マークアップ・スタイリングを依頼する時、重要なガイドラインが Modifier です。style を微調整する Modifier を CSS Modules では表現しづらく、以下の定義をそのままマッピングすることが出来ません。

Header.scss
.Header {
  &__nav {
    &--open {
      /* NG */
    }
    &.is-open {
      /* NG */
    }
  }
}

これを助けるのが data 属性によるスタイリングです。フロントエンドエンジニアはそのままマッピングをすることが出来ます。

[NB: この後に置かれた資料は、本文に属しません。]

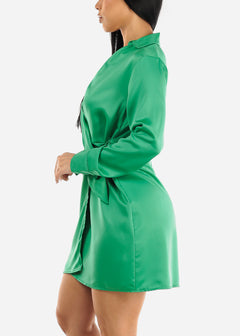 Satin Wrap Collared Mini Dress Green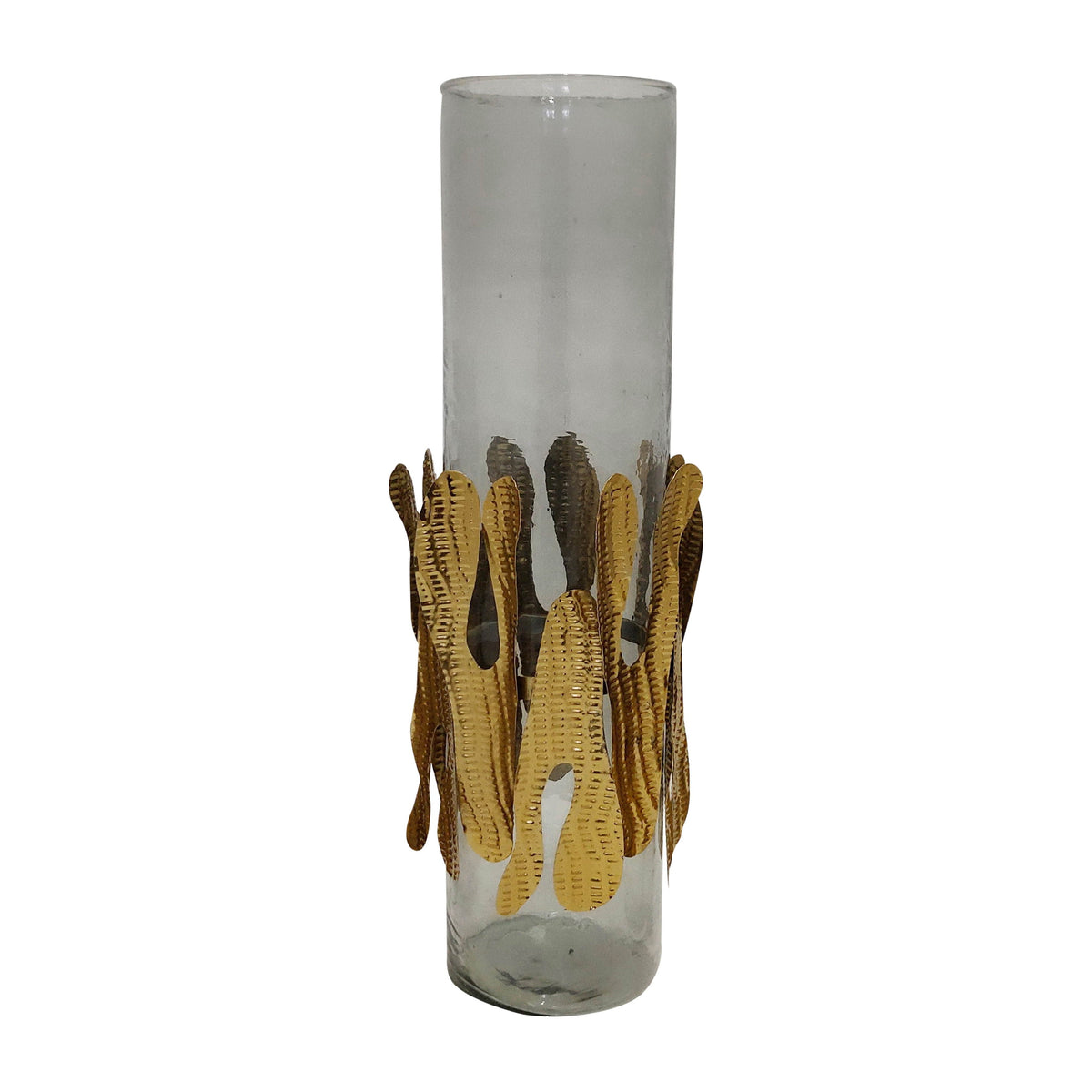 Glass 20" Candle Holder With Metal Detail - Gray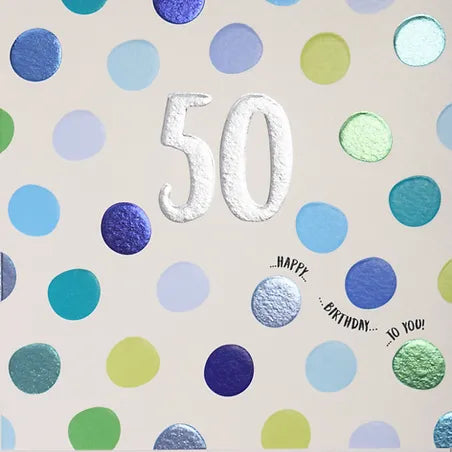 50th Birthday - Blue Polka Dot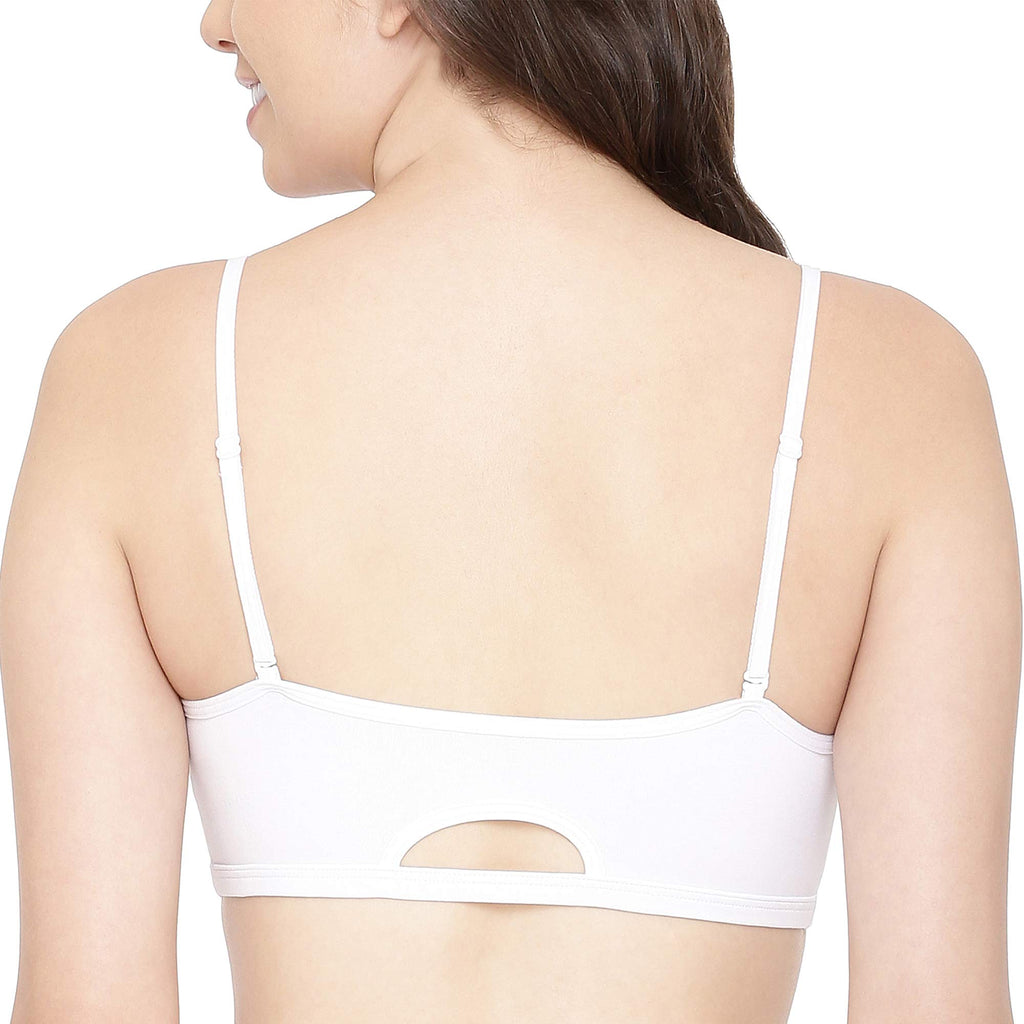 Enamor A022 Basic Cotton Stretch Cami with Detachable Straps Bra - Non-Padded Wirefree High Coverage - White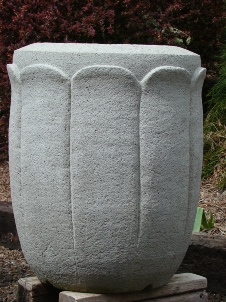 24 Dia x 36 H Stastny Stone Pots Hand-Carved Custom Large Concrete Tulip Planter 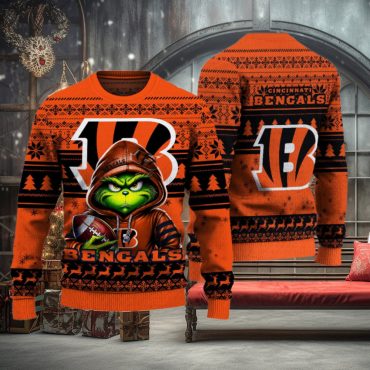 Cincinnati Bengals Grinch Hoodie Glow Ugly Christmas Sweater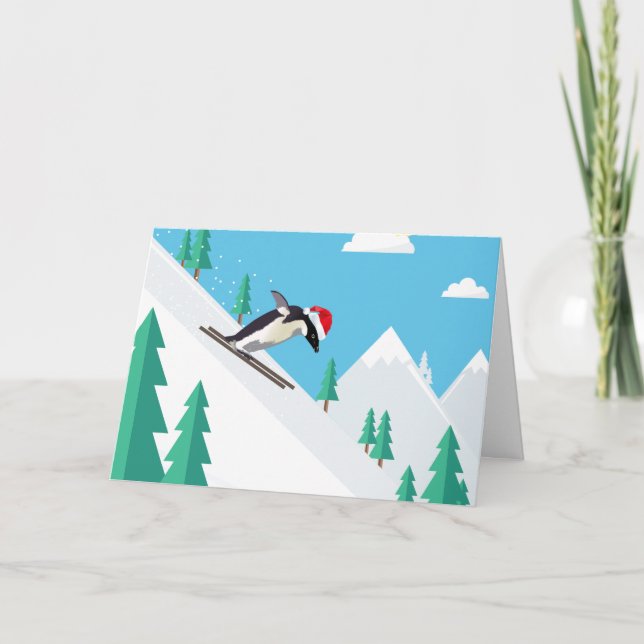 Tarjeta Gracioso Pingüino De Esquí De Navidad En Santa Hat (Anverso)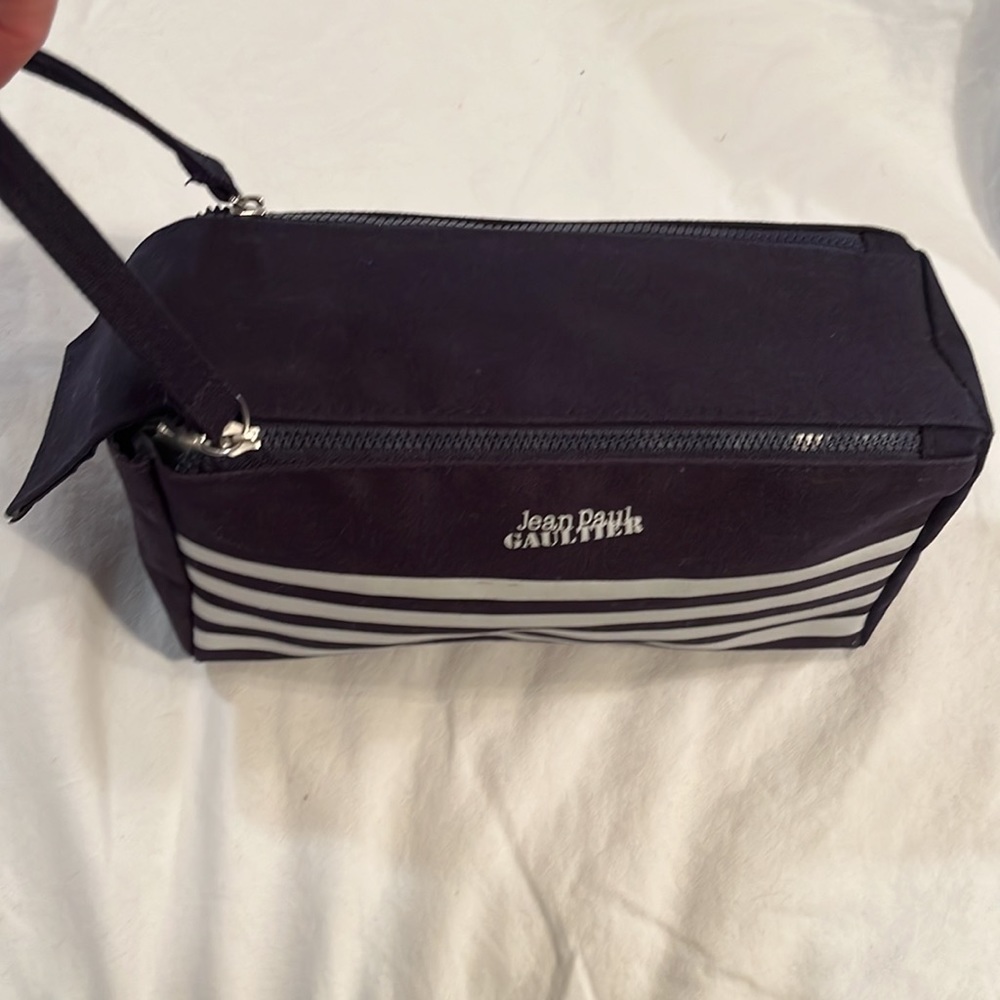 Jean Paul Gaultier toiletries travel bag navy w/white stripes - Picture 3 of 11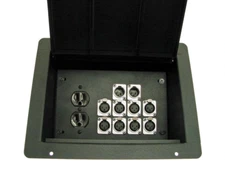PROCRAFT FPPL-1DUP8XF2XM-BK Recessed Stage Pocket / Floor Box 1AC+8XLR Female 2X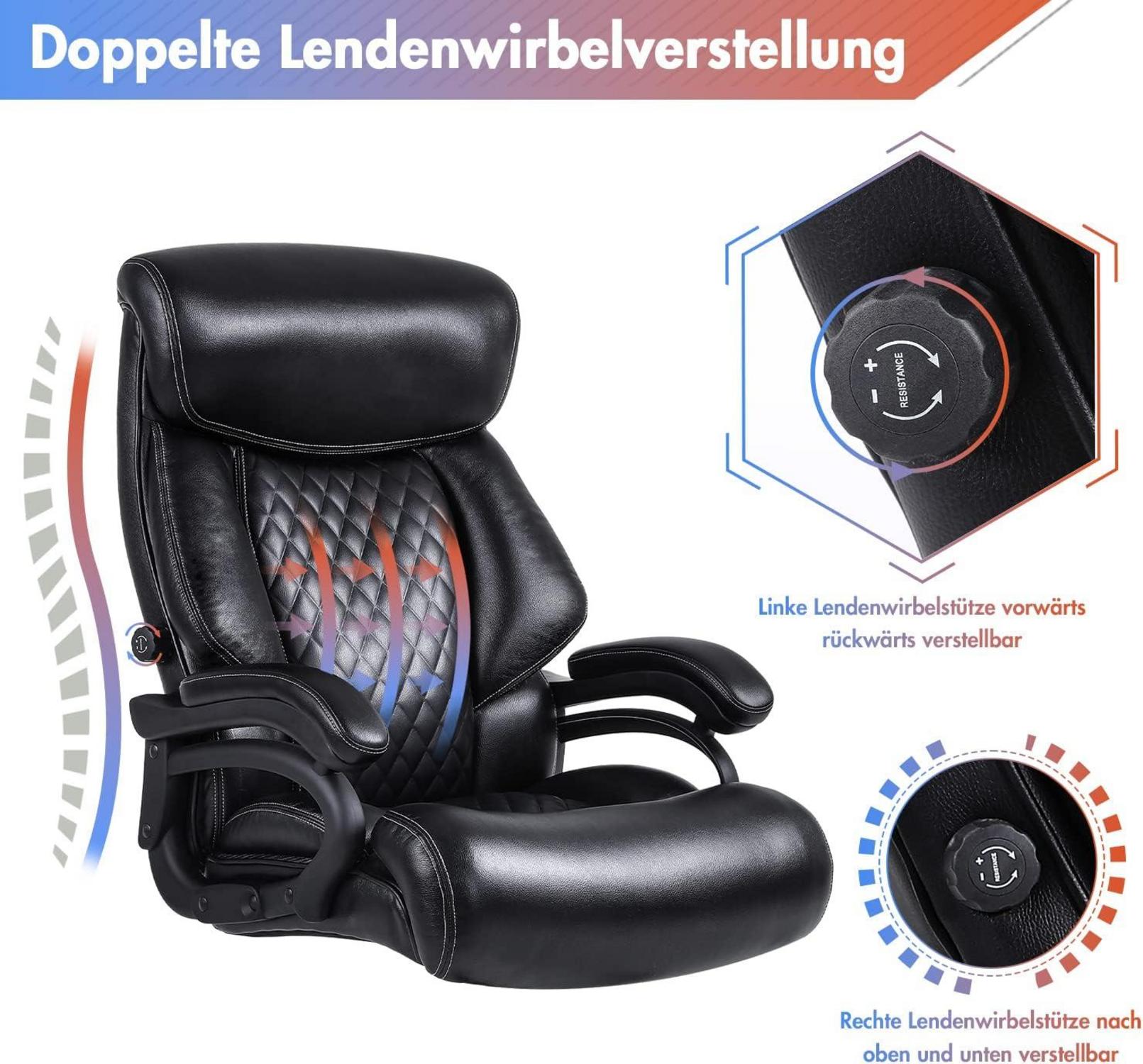 Bosmiller Bürostuhl 200kg Belastbarkeit Ergonomischer Drehstuhl Leder Schwarz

CSS Modules によるローカルスコープも適用できます。

Header.scss
.Header {
  &__nav {
    &[data-is-open] {
      /* OK */
    }
  }
}
header.html
<!-- NG -->
<header class="Header">
  <h1 className="Header__logo"></h1>
  <nav className="Headder__nav is-open"></nav>
</header>
<!-- OK -->
<header class="Header">
  <h1 className="Header__logo"></h1>
  <nav className="Headder__nav" data-is-open></nav>
</header>

React Component から見ても、マルチクラス指定よりも data 属性 Modifier の方が綺麗にかけ、clsx による合成なども不要です。

Header.tsx
import clsx from "clsx";
import styles from "./styles.module.scss";
function Header(props: { isOpenNav?: true; }) {
  return (
    <header>
      <h1 className={styles.logo}></h1>
      <nav className={
        clsx(styles.nav, props.isOpenNav && "is-open")
        {/* .is-open という class 名を得る事ができない */}
      }></nav>
    </header>
  );
}
Header.tsx
import styles from "./styles.module.scss";
function Header(props: { isOpenNav?: true; }) {
  return (
    <header>
      <h1 className={styles.logo}></h1>
      <nav
        className={styles.nav}
        data-is-open={props.isOpenNav}>
      </nav>
    </header>
  );
}

また、data 属性は値を受け取る事ができるため、theme 指定などにも適しています。React Component と data 属性スタイリングは相性が良いです。

Header.tsx
import styles from "./styles.module.scss";
function Header(props:
  { isOpenNav?: true; theme: 'light' | 'dark'; }
) {
  return (
    <header>
      <h1 className={styles.logo}></h1>
      <nav
        className={styles.nav}
        data-is-open={props.isOpenNav}
        data-theme={props.theme}
      >
      </nav>
    </header>
  );
}

Element を取り出し、CSS Modules として変換された指定は、完結で理解しやすいものとなりました。

styles.module.scss
.nav {
  &[data-is-open] {
  }
  &[data-theme="light"] {
  }
  &[data-theme="dark"] {
  }
}

React だけでなく従来のテンプレートエンジンでも、data 属性を活用したスタイリングの方がコードの可読性が高くなるため、良い習慣になると思います。